What is being asked: Every word of the data must be reproduced in your reply exactly.

Material for this task:
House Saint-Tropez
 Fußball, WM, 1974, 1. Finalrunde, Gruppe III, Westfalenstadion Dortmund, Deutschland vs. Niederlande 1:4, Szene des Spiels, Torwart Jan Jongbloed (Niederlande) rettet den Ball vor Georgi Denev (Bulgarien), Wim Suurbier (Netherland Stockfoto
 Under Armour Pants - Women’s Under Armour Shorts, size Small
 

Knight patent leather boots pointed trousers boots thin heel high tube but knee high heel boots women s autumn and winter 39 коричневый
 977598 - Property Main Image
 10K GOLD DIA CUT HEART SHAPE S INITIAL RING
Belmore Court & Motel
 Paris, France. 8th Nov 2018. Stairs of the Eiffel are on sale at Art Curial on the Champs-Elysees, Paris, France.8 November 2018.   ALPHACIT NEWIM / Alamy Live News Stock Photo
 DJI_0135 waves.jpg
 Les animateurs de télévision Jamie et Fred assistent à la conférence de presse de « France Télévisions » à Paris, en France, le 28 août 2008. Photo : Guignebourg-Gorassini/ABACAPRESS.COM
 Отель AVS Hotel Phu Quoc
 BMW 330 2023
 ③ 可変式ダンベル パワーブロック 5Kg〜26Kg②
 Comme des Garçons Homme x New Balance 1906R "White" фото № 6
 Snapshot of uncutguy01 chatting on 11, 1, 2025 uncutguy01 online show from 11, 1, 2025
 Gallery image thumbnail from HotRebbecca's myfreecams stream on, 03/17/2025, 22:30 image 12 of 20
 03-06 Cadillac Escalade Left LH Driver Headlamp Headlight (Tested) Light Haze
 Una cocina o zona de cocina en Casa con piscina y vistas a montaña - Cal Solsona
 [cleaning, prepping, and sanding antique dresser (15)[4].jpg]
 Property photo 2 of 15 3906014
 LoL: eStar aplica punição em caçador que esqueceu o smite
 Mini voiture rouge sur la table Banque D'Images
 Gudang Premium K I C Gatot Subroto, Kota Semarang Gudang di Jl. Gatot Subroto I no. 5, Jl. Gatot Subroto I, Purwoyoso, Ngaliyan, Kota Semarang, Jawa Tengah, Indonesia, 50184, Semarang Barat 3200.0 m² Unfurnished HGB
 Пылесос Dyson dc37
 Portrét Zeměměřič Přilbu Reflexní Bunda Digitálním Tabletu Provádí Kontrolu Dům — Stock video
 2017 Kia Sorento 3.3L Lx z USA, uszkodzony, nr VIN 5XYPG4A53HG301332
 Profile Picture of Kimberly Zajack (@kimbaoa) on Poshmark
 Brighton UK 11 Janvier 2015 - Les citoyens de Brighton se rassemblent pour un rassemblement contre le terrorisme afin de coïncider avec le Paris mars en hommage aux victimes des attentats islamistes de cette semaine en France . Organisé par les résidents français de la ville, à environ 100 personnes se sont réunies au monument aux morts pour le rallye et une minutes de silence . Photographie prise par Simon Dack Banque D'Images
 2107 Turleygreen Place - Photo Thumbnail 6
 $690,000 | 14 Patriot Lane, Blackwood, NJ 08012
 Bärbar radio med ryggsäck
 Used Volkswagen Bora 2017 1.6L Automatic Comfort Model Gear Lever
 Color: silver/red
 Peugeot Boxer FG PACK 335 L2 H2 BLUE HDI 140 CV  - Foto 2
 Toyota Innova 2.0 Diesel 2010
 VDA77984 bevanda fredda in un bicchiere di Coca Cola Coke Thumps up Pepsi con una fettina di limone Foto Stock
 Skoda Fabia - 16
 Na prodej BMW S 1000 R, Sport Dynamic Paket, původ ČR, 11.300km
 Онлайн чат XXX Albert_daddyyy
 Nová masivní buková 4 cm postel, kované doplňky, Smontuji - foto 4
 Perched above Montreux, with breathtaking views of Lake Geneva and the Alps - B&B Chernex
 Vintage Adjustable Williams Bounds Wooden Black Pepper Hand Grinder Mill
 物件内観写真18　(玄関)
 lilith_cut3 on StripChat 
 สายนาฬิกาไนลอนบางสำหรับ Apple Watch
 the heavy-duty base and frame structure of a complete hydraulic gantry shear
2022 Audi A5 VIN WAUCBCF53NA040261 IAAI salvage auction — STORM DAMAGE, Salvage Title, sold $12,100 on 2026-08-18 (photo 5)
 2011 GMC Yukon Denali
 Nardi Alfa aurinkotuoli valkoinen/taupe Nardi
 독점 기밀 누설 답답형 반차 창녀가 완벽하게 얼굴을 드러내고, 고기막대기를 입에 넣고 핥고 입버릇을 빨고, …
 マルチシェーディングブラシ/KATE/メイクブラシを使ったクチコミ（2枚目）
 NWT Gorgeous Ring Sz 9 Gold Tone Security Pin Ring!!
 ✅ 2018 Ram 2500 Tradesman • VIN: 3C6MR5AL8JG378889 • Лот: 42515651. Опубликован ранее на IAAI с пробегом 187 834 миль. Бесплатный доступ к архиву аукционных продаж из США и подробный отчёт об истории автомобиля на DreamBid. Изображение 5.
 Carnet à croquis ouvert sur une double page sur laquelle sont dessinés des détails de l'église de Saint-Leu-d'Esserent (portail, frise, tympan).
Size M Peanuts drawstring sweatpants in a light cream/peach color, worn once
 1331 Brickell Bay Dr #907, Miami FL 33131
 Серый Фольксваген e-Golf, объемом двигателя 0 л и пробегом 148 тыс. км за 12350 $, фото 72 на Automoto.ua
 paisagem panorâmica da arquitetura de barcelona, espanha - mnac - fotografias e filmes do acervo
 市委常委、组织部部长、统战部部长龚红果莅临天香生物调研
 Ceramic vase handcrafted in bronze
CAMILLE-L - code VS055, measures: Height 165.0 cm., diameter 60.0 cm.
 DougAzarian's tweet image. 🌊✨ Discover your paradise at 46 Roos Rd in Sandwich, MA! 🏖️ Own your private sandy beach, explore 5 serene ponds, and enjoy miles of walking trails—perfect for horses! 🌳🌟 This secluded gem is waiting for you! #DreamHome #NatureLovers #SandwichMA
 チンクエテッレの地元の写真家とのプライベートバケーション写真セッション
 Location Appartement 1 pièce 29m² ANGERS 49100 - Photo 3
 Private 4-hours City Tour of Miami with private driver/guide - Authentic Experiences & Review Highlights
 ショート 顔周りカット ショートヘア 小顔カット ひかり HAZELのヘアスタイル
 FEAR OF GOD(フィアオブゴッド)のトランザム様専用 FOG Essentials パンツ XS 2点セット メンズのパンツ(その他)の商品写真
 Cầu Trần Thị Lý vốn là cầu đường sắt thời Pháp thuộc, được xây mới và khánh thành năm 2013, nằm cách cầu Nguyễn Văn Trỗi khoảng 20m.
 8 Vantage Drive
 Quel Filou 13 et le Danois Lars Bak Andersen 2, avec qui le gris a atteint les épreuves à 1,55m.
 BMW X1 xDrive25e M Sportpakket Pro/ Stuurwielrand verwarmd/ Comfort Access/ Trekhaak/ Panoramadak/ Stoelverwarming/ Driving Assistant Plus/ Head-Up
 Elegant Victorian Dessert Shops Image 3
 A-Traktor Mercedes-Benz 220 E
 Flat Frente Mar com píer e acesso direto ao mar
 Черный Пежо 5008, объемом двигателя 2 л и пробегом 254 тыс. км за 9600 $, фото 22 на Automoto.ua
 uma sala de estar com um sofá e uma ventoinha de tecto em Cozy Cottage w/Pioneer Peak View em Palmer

Result below:
House Saint-Tropez
 Fußball, WM, 1974, 1. Finalrunde, Gruppe III, Westfalenstadion Dortmund, Deutschland vs. Niederlande 1:4, Szene des Spiels, Torwart Jan Jongbloed (Niederlande) rettet den Ball vor Georgi Denev (Bulgarien), Wim Suurbier (Netherland Stockfoto
 Under Armour Pants - Women’s Under Armour Shorts, size Small
 

Knight patent leather boots pointed trousers boots thin heel high tube but knee high heel boots women s autumn and winter 39 коричневый
 977598 - Property Main Image
 10K GOLD DIA CUT HEART SHAPE S INITIAL RING
Belmore Court & Motel
 Paris, France. 8th Nov 2018. Stairs of the Eiffel are on sale at Art Curial on the Champs-Elysees, Paris, France.8 November 2018.   ALPHACIT NEWIM / Alamy Live News Stock Photo
 DJI_0135 waves.jpg
 Les animateurs de télévision Jamie et Fred assistent à la conférence de presse de « France Télévisions » à Paris, en France, le 28 août 2008. Photo : Guignebourg-Gorassini/ABACAPRESS.COM
 Отель AVS Hotel Phu Quoc
 BMW 330 2023
 ③ 可変式ダンベル パワーブロック 5Kg〜26Kg②
 Comme des Garçons Homme x New Balance 1906R "White" фото № 6
 Snapshot of uncutguy01 chatting on 11, 1, 2025 uncutguy01 online show from 11, 1, 2025
 Gallery image thumbnail from HotRebbecca's myfreecams stream on, 03/17/2025, 22:30 image 12 of 20
 03-06 Cadillac Escalade Left LH Driver Headlamp Headlight (Tested) Light Haze
 Una cocina o zona de cocina en Casa con piscina y vistas a montaña - Cal Solsona
 [cleaning, prepping, and sanding antique dresser (15)[4].jpg]
 Property photo 2 of 15 3906014
 LoL: eStar aplica punição em caçador que esqueceu o smite
 Mini voiture rouge sur la table Banque D'Images
 Gudang Premium K I C Gatot Subroto, Kota Semarang Gudang di Jl. Gatot Subroto I no. 5, Jl. Gatot Subroto I, Purwoyoso, Ngaliyan, Kota Semarang, Jawa Tengah, Indonesia, 50184, Semarang Barat 3200.0 m² Unfurnished HGB
 Пылесос Dyson dc37
 Portrét Zeměměřič Přilbu Reflexní Bunda Digitálním Tabletu Provádí Kontrolu Dům — Stock video
 2017 Kia Sorento 3.3L Lx z USA, uszkodzony, nr VIN 5XYPG4A53HG301332
 Profile Picture of Kimberly Zajack (@kimbaoa) on Poshmark
 Brighton UK 11 Janvier 2015 - Les citoyens de Brighton se rassemblent pour un rassemblement contre le terrorisme afin de coïncider avec le Paris mars en hommage aux victimes des attentats islamistes de cette semaine en France . Organisé par les résidents français de la ville, à environ 100 personnes se sont réunies au monument aux morts pour le rallye et une minutes de silence . Photographie prise par Simon Dack Banque D'Images
 2107 Turleygreen Place - Photo Thumbnail 6
 $690,000 | 14 Patriot Lane, Blackwood, NJ 08012
 Bärbar radio med ryggsäck
 Used Volkswagen Bora 2017 1.6L Automatic Comfort Model Gear Lever
 Color: silver/red
 Peugeot Boxer FG PACK 335 L2 H2 BLUE HDI 140 CV  - Foto 2
 Toyota Innova 2.0 Diesel 2010
 VDA77984 bevanda fredda in un bicchiere di Coca Cola Coke Thumps up Pepsi con una fettina di limone Foto Stock
 Skoda Fabia - 16
 Na prodej BMW S 1000 R, Sport Dynamic Paket, původ ČR, 11.300km
 Онлайн чат XXX Albert_daddyyy
 Nová masivní buková 4 cm postel, kované doplňky, Smontuji - foto 4
 Perched above Montreux, with breathtaking views of Lake Geneva and the Alps - B&B Chernex
 Vintage Adjustable Williams Bounds Wooden Black Pepper Hand Grinder Mill
 物件内観写真18　(玄関)
 lilith_cut3 on StripChat 
 สายนาฬิกาไนลอนบางสำหรับ Apple Watch
 the heavy-duty base and frame structure of a complete hydraulic gantry shear
2022 Audi A5 VIN WAUCBCF53NA040261 IAAI salvage auction — STORM DAMAGE, Salvage Title, sold $12,100 on 2026-08-18 (photo 5)
 2011 GMC Yukon Denali
 Nardi Alfa aurinkotuoli valkoinen/taupe Nardi
 독점 기밀 누설 답답형 반차 창녀가 완벽하게 얼굴을 드러내고, 고기막대기를 입에 넣고 핥고 입버릇을 빨고, …
 マルチシェーディングブラシ/KATE/メイクブラシを使ったクチコミ（2枚目）
 NWT Gorgeous Ring Sz 9 Gold Tone Security Pin Ring!!
 ✅ 2018 Ram 2500 Tradesman • VIN: 3C6MR5AL8JG378889 • Лот: 42515651. Опубликован ранее на IAAI с пробегом 187 834 миль. Бесплатный доступ к архиву аукционных продаж из США и подробный отчёт об истории автомобиля на DreamBid. Изображение 5.
 Carnet à croquis ouvert sur une double page sur laquelle sont dessinés des détails de l'église de Saint-Leu-d'Esserent (portail, frise, tympan).
Size M Peanuts drawstring sweatpants in a light cream/peach color, worn once
 1331 Brickell Bay Dr #907, Miami FL 33131
 Серый Фольксваген e-Golf, объемом двигателя 0 л и пробегом 148 тыс. км за 12350 $, фото 72 на Automoto.ua
 paisagem panorâmica da arquitetura de barcelona, espanha - mnac - fotografias e filmes do acervo
 市委常委、组织部部长、统战部部长龚红果莅临天香生物调研
 Ceramic vase handcrafted in bronze
CAMILLE-L - code VS055, measures: Height 165.0 cm., diameter 60.0 cm.
 DougAzarian's tweet image. 🌊✨ Discover your paradise at 46 Roos Rd in Sandwich, MA! 🏖️ Own your private sandy beach, explore 5 serene ponds, and enjoy miles of walking trails—perfect for horses! 🌳🌟 This secluded gem is waiting for you! #DreamHome #NatureLovers #SandwichMA
 チンクエテッレの地元の写真家とのプライベートバケーション写真セッション
 Location Appartement 1 pièce 29m² ANGERS 49100 - Photo 3
 Private 4-hours City Tour of Miami with private driver/guide - Authentic Experiences & Review Highlights
 ショート 顔周りカット ショートヘア 小顔カット ひかり HAZELのヘアスタイル
 FEAR OF GOD(フィアオブゴッド)のトランザム様専用 FOG Essentials パンツ XS 2点セット メンズのパンツ(その他)の商品写真
 Cầu Trần Thị Lý vốn là cầu đường sắt thời Pháp thuộc, được xây mới và khánh thành năm 2013, nằm cách cầu Nguyễn Văn Trỗi khoảng 20m.
 8 Vantage Drive
 Quel Filou 13 et le Danois Lars Bak Andersen 2, avec qui le gris a atteint les épreuves à 1,55m.
 BMW X1 xDrive25e M Sportpakket Pro/ Stuurwielrand verwarmd/ Comfort Access/ Trekhaak/ Panoramadak/ Stoelverwarming/ Driving Assistant Plus/ Head-Up
 Elegant Victorian Dessert Shops Image 3
 A-Traktor Mercedes-Benz 220 E
 Flat Frente Mar com píer e acesso direto ao mar
 Черный Пежо 5008, объемом двигателя 2 л и пробегом 254 тыс. км за 9600 $, фото 22 на Automoto.ua
 uma sala de estar com um sofá e uma ventoinha de tecto em Cozy Cottage w/Pioneer Peak View em Palmer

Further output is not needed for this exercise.